Voorwaarden ondernemerschap
In voornoemde uitspraak lezen we dat het ondernemerschap getoetst wordt aan de criteria van ondernemerschap. Eerst moet bepaald worden of sprake is van een bron van inkomen en vervolgens of deze bron van inkomen kwalificeert als winst uit onderneming.

Van een onderneming (een bedrijf of een zelfstandig uitgeoefend beroep) is sprake in geval van een duurzame organisatie van kapitaal en arbeid, waarmee beoogd wordt om door middel van deelname aan het economisch verkeer winst te behalen en deze winst ook redelijkerwijs te verwachten is. Uit deze omschrijving zijn zes criteria te destilleren.

De eerste drie criteria bepalen of sprake is van een bron van inkomen:

  1. deelname aan het economisch verkeer
  2. winst beogen
  3. winst is redelijkerwijs te verwachten

De laatste drie criteria bepalen of sprake is van winst uit onderneming:

  1. marktgerichtheid
  2. organisatie van kapitaal en arbeid
  3. ondernemersrisico

De vraag is vaak of er nu sprake is van ondernemingsactiviteiten of van nevenwerkzaamheden (aan te geven onder belastbaar resultaat uit overige werkzaamheden).

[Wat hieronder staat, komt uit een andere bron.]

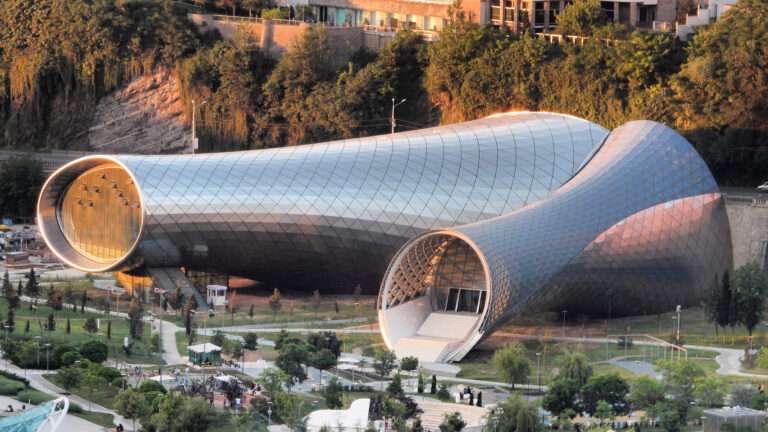 An exterior view of the conjoined tubular structures of Rike Concert Hall in Tbilisi.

De feitelijke omstandigheden zijn  bepalend. Uit de jurisprudentie is af te leiden dat de volgende (combinatie van) factoren van belang zijn bij de beoordeling of sprake is van ondernemerschap.

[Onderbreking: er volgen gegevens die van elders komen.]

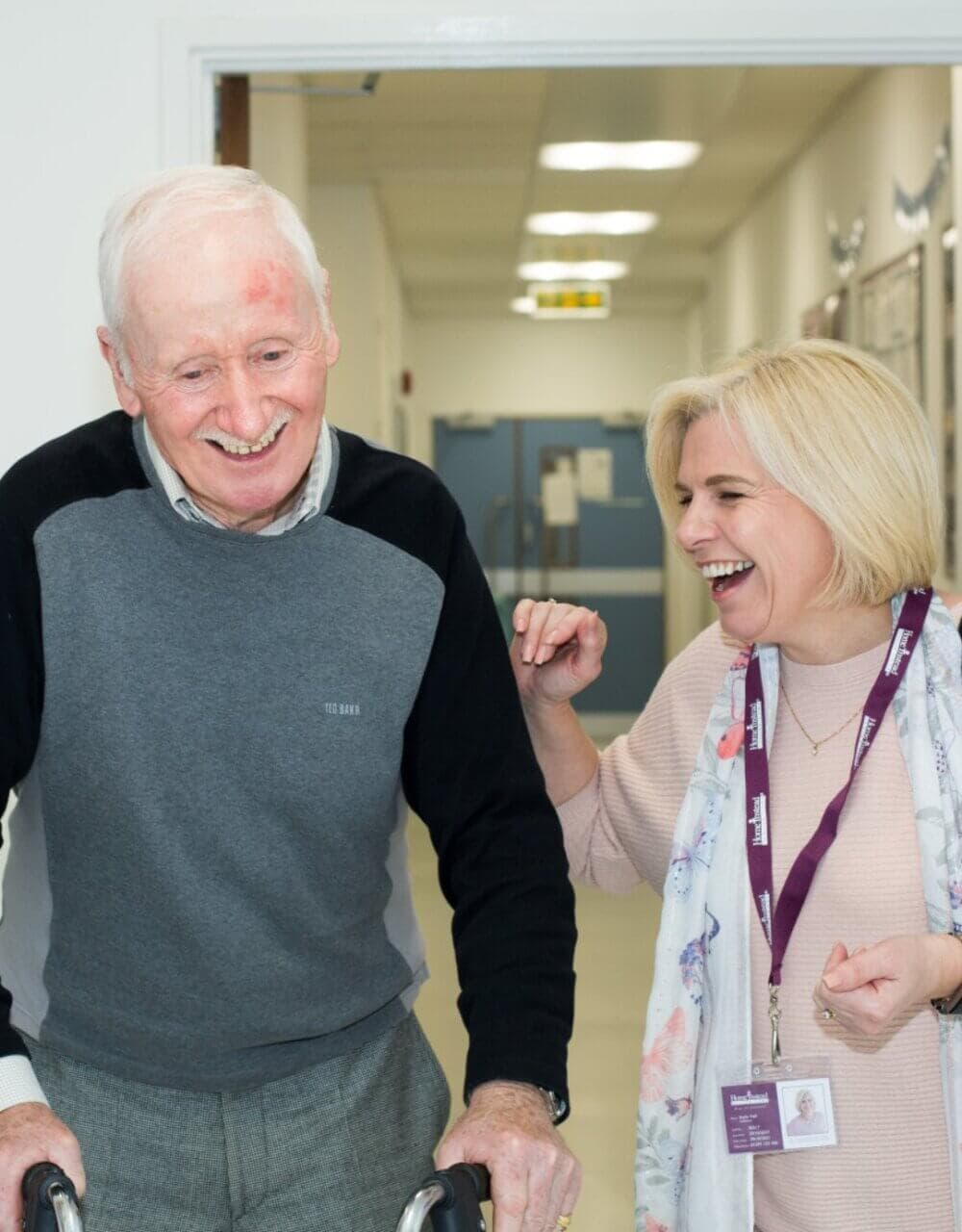 An elderly man using a walker and a woman laughing together in a hallway. - Home Instead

  • het aantal klanten of opdrachtgevers;
  • de duurzaamheid en omvang van de werkzaamheden;
  • de grootte van de omzet;
  • de omvang van de investeringen;
  • de bekendheid naar buiten;
  • het lopen van debiteurenrisico;
  • het spraakgebruik.

Het gewicht van deze factoren is wisselend. De jurisprudentie laat in deze een veelheid van voorbeelden zien. Bij vrije beroepsbeoefenaren (bijvoorbeeld belastingadviseurs, advocaten) kan de omvang van investeringen bijvoorbeeld (zeer) gering blijven, terwijl er toch sprake van ondernemerschap kan zijn. Er is ook de nodige jurisprudentie over vrachtwagenchauffeurs. Onder omstandigheden kan het zo zijn dat een vrachtwagenchauffeur die slechts rijdt voor één opdrachtgever, een (gering) debiteurenrisico loopt, investeert in een vrachtwagen, toch ondernemer is. Ook een vrachtwagenchauffeur die niet investeert, maar rijdt voor verschillende opdrachtgevers kan kwalificeren als ondernemer. Wat ook helpt is als er aandacht wordt besteedt aan de (uiterlijke) kenmerken van een onderneming, zoals inschrijving kamer van koophandel, briefpapier, bedrijfsbrochures, bankrekening, reclame, vergunningen, vakdiploma’s, facturen en dergelijke.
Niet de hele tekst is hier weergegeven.